Unlike both her husband and son, however, Dorothy
was a well-known figure in Hungerford, and highly respected too. The
general manager of the Elcot Park Hotel, where she worked as a part-time
waitress for twelve years, remembers his former employee as extremely
popular, conscientious and hard-working -,a real salt-of-the-earth
figure’. So popular was Dorothy that when, shortly before the summer
of 1987, she finally passed her driving test at the twelfth attempt,
at the age of sixty-one, the hotel’s management presented her with a
bottle of champagne, a gesture of admiration for her gritty
determination. However, the most constant beneficiary of any
additional income generated by Dorothy’s dedicated efforts was not
herself but her son.
As a young child Michael Ryan developed a
particular attachment to Action Man, the commando-style plastic doll
beloved of so many boys at that time. True to form, Dorothy saw to it
that Michael’s Action Man was exceptionally well kitted out, with
several different uniforms and virtually every accessory on the market.

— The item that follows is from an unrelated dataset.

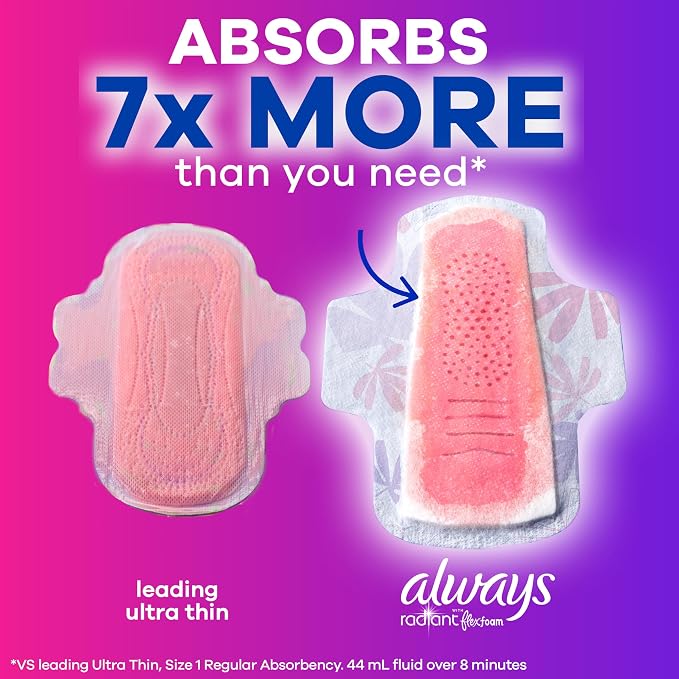 Always Radiant Feminine Pads For Women, Size 3 Extra Heavy Flow Absorbency, With Flexfoam, With Wings, Scented, 22 Count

For this was what Michael had wanted.
‘He was moody and self-centred,’ his uncle, Stephen
Fairbrass, would later recall, ‘but that did not mean that it was
impossible to like him.’ It might not have been impossible, but few
did. And when it came to his schooling, Ryan was himself certainly no
junior Action Man. Quite the contrary, in fact. He attended the local
primary school, just opposite his home in South View, before moving to
the John O’Gaunt School. He was a C-stream pupil of below-average
ability, as a former classmate recalls: ‘He was in a remedial class or
in one of the lower sets at secondary school. We used to try to get
him to join in games, but he appeared to be moody and sulky, so
eventually the other children would just leave him alone. The only
person I ever remember seeing him with was his mother, who adopted a
very protective attitude towards him.’
As an eleven-year-old, Ryan was photographed along
with all the other schoolchildren. Despite the best efforts of the
local photographer, even on that occasion he was unable to manage a
smile for the camera; indeed it is not difficult to detect a fearful
expression on his face. From the very earliest of days, Michael Ryan
was a child apart.
Guytha, Hunt recalls that throughout Ryan’s primary-school
days she saw little evidence of children coming to and going from his
house at South View: ‘In fact I never once saw any friend come to play
with him throughout those early years. Actually I had a lot of time
for Michael, but no one seemed to have a lot of time for him - apart
from his parents, that is.’
He might not have been seen by Guytha Hunt, but
there was eventually one boy, Brian Melkle, who did come to play. He
and Ryan were best friends at school, although they eventually grew
apart when Brian married in 1980. But during their school years, they
were two of a kind, enjoying motorbike scrambling, and both well aware
that neither of them was destined to scale the heights of academia.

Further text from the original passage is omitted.